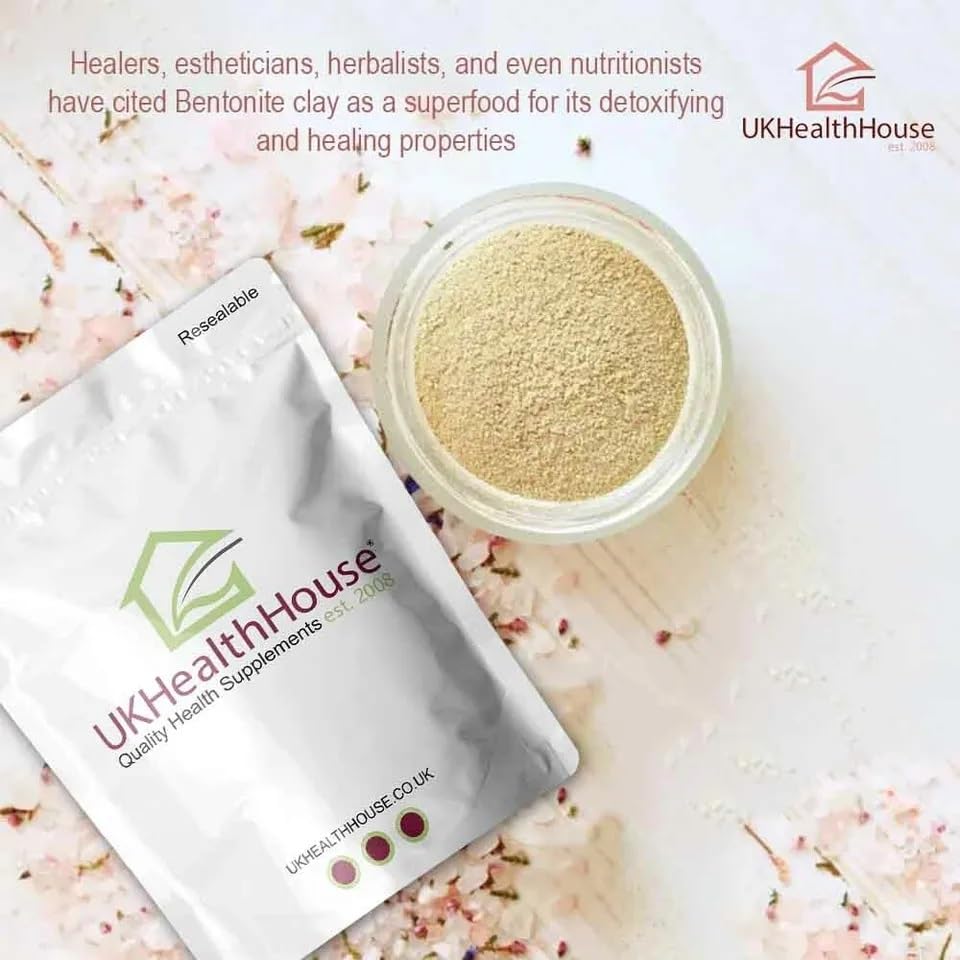 UKHealthHouse Calcium Bentonite Fuller's Earth Natural Detox Healing Clay Fine Powder Pure Full of Natural Minerals (2.5kg)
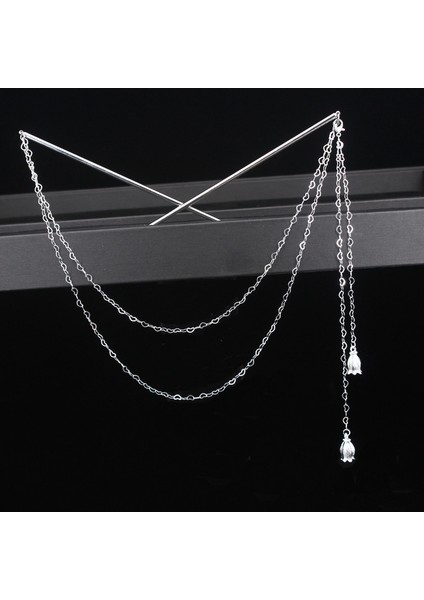 Stil 10 Çift Zincir Saç Çatal Inci Püskül Saç Tokası Nunchaku Firkete Çin Tarzı Retro Saç Aksesuarları Hanfu Tiaras Süsler (Yurt Dışından)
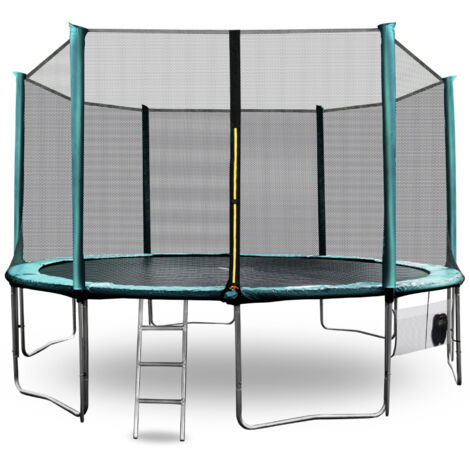 Aga SPORT PRO Trampolino 400 cm Verde scuro + rete di protezione + scala + tasca per le scarpe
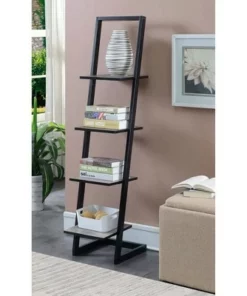 56" Designs2Go 4 Tier Ladder Bookshelf - Breighton Home Faux Birch/black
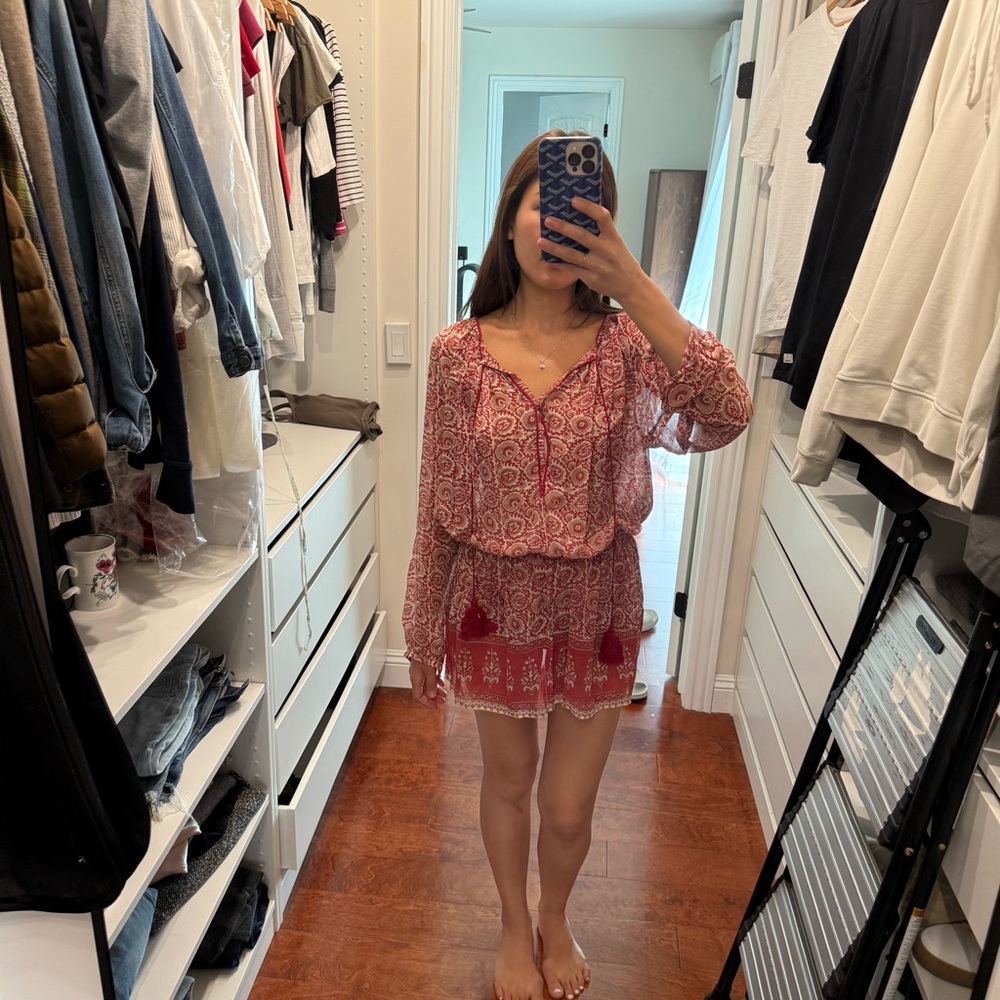 Talitha Red and Beige Paisley Dress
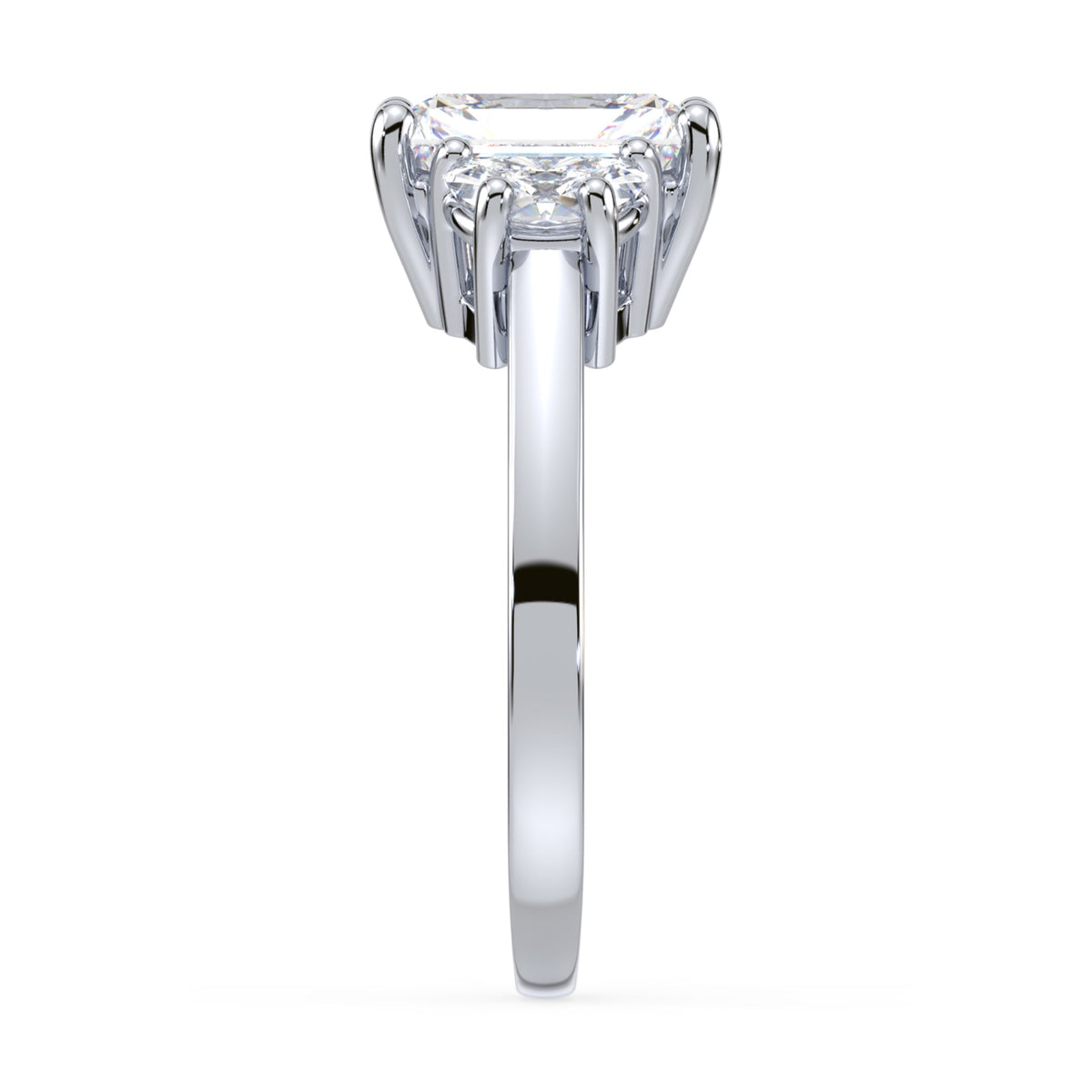 Eleanor Half Moon Three Stone Setting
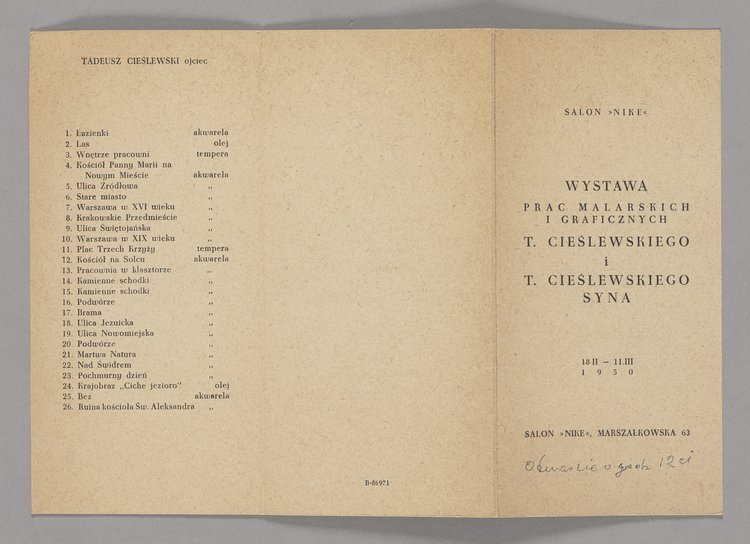 Zaproszenie na wystawę prac malarskich i graficznych Tadeusza Cieślewskiego ojca i Tadeusza Cieślewskiego syna
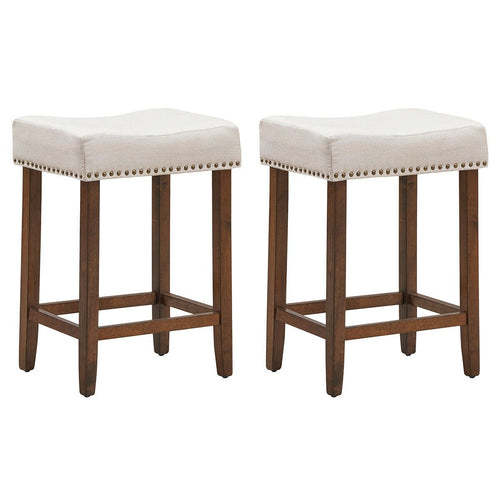 Set of 2 Nailhead Saddle Bar Stools 24 Inch Height, Beige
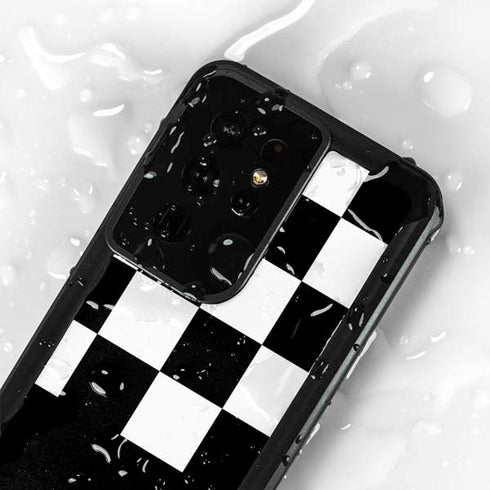 Checkerboard Split Galaxy S24 Ultra Waterproof Case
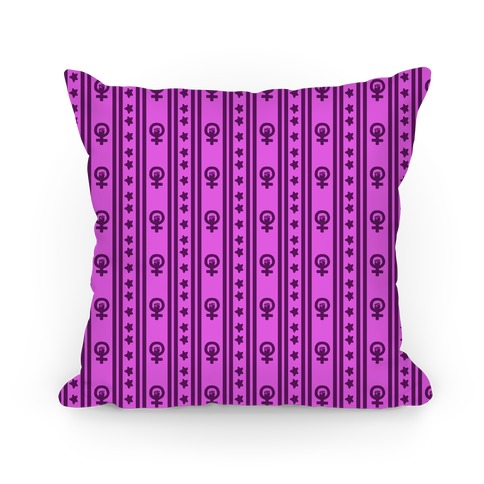 Purple Feminist Symbol Pattern Pillow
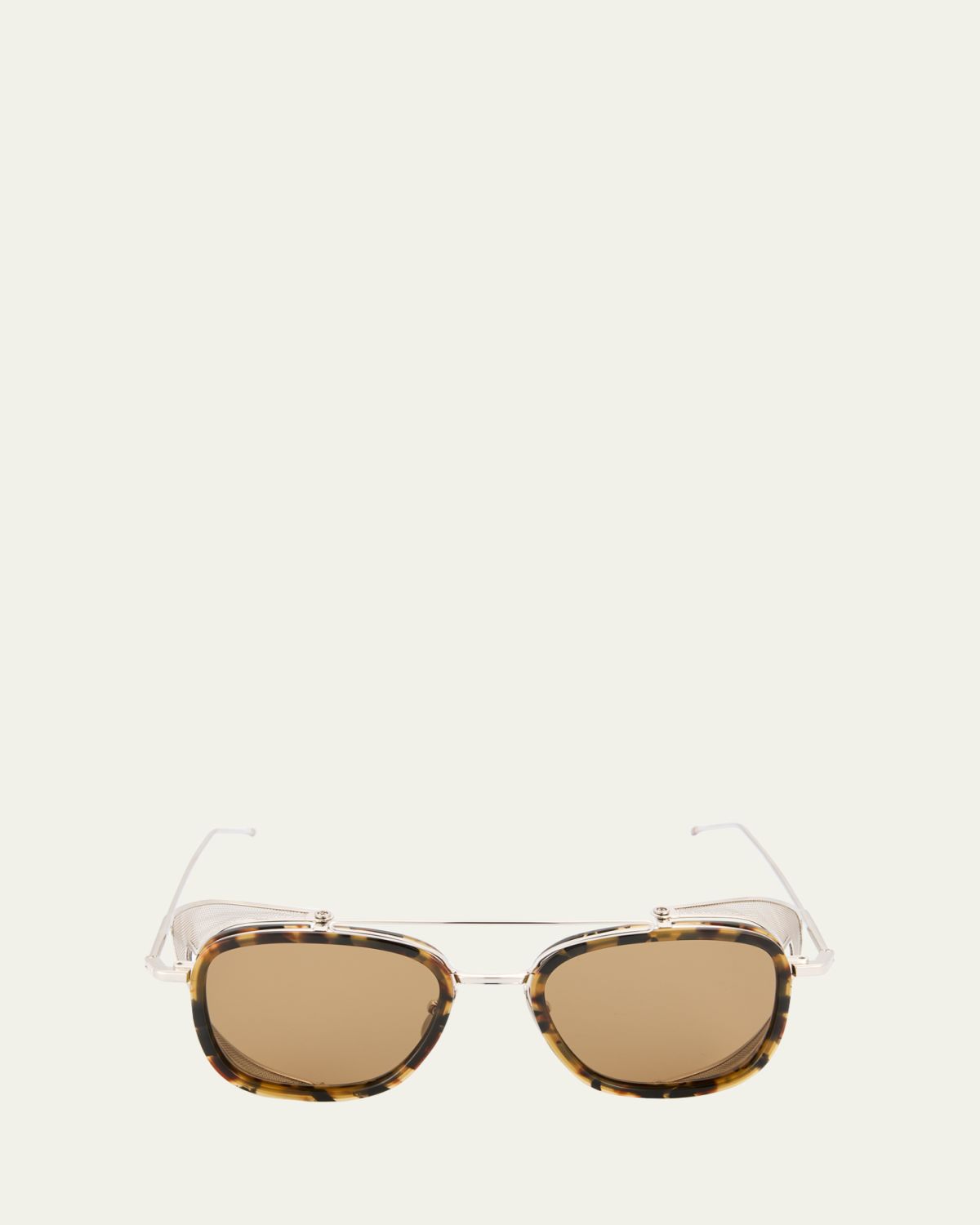 Thom Browne Men's Acetate and Titanium Rectangle Sunglasses with Side Shields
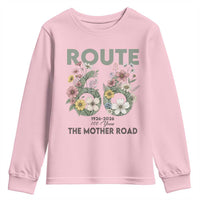 Route Highway 66 Youth Sweatshirt Floral Centennial 100 Year Anniversary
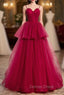 Fashion Burgundy Tulle Spaghetti Straps Long Prom Dresses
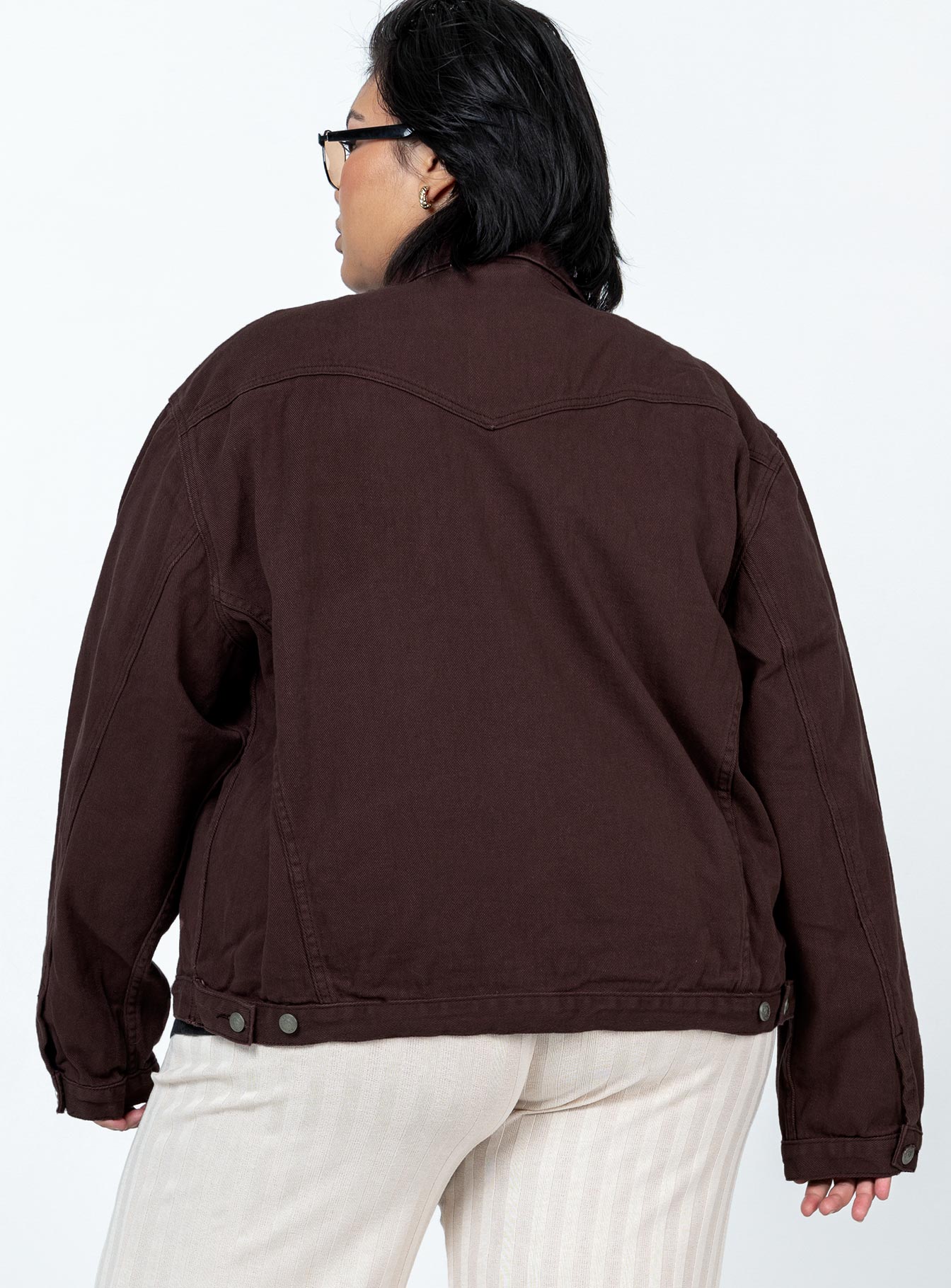 Western Denim Jacket Dark Brown Curve - Image 5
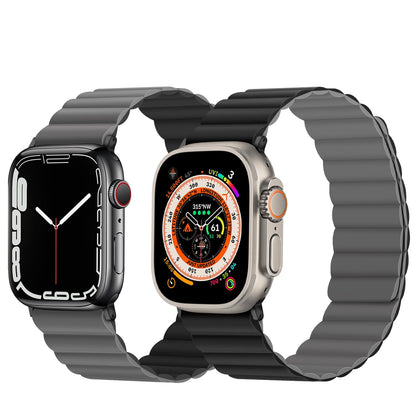 Anlinser Magnetic Straps Compatible with Apple Watch Strap 49mm 46mm 45mm 44mm 42mm 41mm 40mm, Double Side Reversible Band for iWatch Ultra 2 Series 10/9/8/7/6/SE (49/46/45/44/42, Black/Gray)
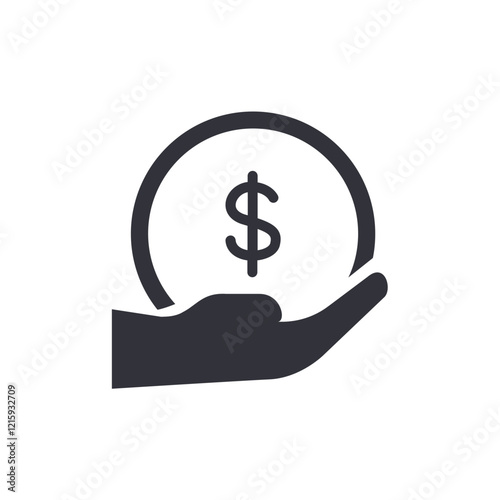 Startup budget solid icons, minimalist vector illustration ,simple transparent graphic element .Isolated on white background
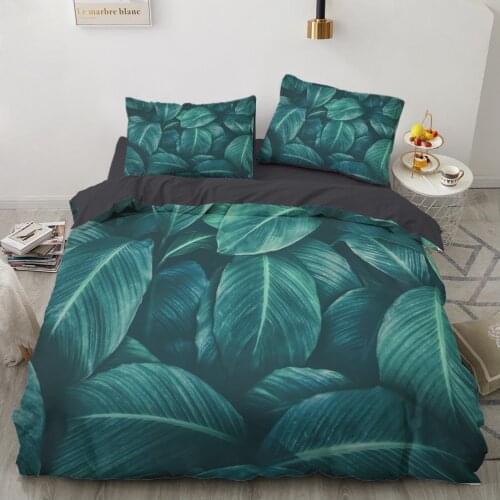 3d Printed Green Leaves Bedding Set Plants Bed Linen Kid Duvet Cover Set Pillowcase Science Bedclothes Design Home Textile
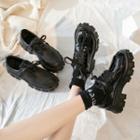 Plain Faux Leather Lace-up Platform Shoes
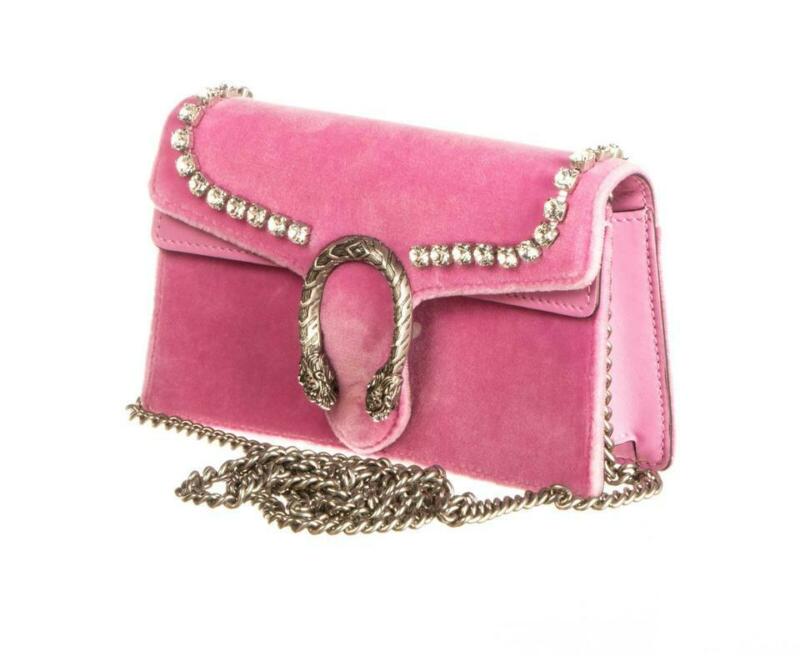 Gucci Dionysus Crystal Lined Super Mini Pink In Velvet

# # # # #

- **TRY IT**:
Above are the records; restate exactly the lines from the one containing "Route Highway 66" through the one containing "3d Printed Green", keeping pictures out.

- **RESPONSE**:
 Route Highway 66 Youth Sweatshirt Floral Centennial 100 Year Anniversary
 Fashion Burgundy Tulle Spaghetti Straps Long Prom Dresses
 Western Denim Jacket Dark Brown Curve - Image 5
 Anlinser Magnetic Straps Compatible with Apple Watch Strap 49mm 46mm 45mm 44mm 42mm 41mm 40mm, Double Side Reversible Band for iWatch Ultra 2 Series 10/9/8/7/6/SE (49/46/45/44/42, Black/Gray)
 Startup budget solid icons, minimalist vector illustration ,simple transparent graphic element .Isolated on white background
 3d Printed Green Leaves Bedding Set Plants Bed Linen Kid Duvet Cover Set Pillowcase Science Bedclothes Design Home Textile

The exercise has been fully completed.